In this thesis, first, the basics of energy harvesting from the vibration energy by use of piezoelectric transducers, electromagnetic, and triboelectric are discussed. Then, a conceptual design for piezoelectric transducers is presented which works based on the vibrational energy caused by track irregularities. The model of the energy harvester is a cantilever beam resonator that is mounted to the axle box of freight wagons. In this regard, the fright wagon with 18-100 bogie is simulated in Universal Mechanism (UM) software. The vibration of the axel box is measured by an accelerometer element under different track irregularities, and speeds.

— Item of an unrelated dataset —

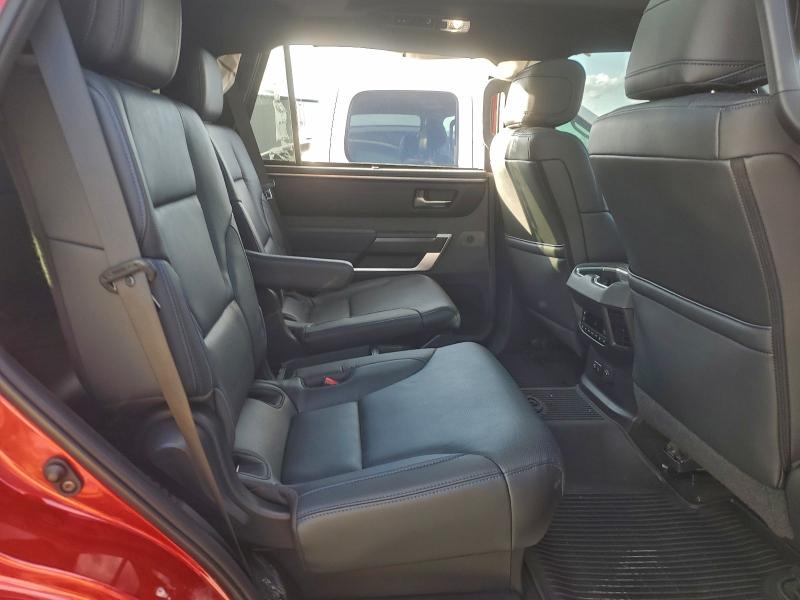 Foto 11 de la subasta – 2023 TOYOTA SEQUOIA SR con VIN 7SVAAABA4PX012074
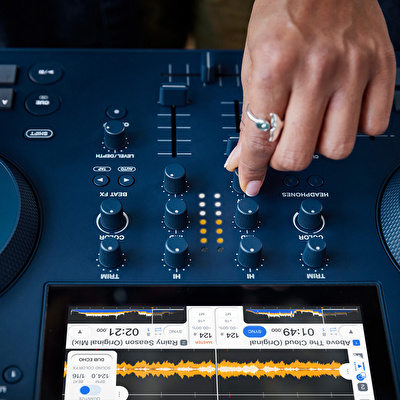 PIONEER DJ by ALPHATHETA OMNIS-DUO Şarjlı All-in-one DJ Kontrol Ünitesi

Track irregularity is one of the most common defects in the railway industry, which is created by wheel-rail friction, wheel flat, Environmental factors, etc. The track irregularities are generated and considered in the simulation according to UIC standards. Power Spectral Density (PSD) of acceleration is calculated and applied to the cantilever beam as the input excitation. The model of energy harvester is simulated by use of COMSOL software and a random analysis is executed for the model. Then, the performance of the Energy Harvesting system under different track irregularities, load conditions, and speeds is investigated. Finally, several harvesting samples are fabricated and tested under random excitation to verify numerical results.
The novel idea of using Auxetic structures is employed to increase the rate of power conversion by simply changing the structure of the beam and without the need to change the geometry of the piezoelectric element or change the material. Auxetic structures with a Negative Poisson ratio are among the metamaterials that have attracted considerable interest in recent decades. The introduction of new auxetic structures and using them in the present energy harvesting system has shown a 2.4-time enhancement in power compared to a simple structure.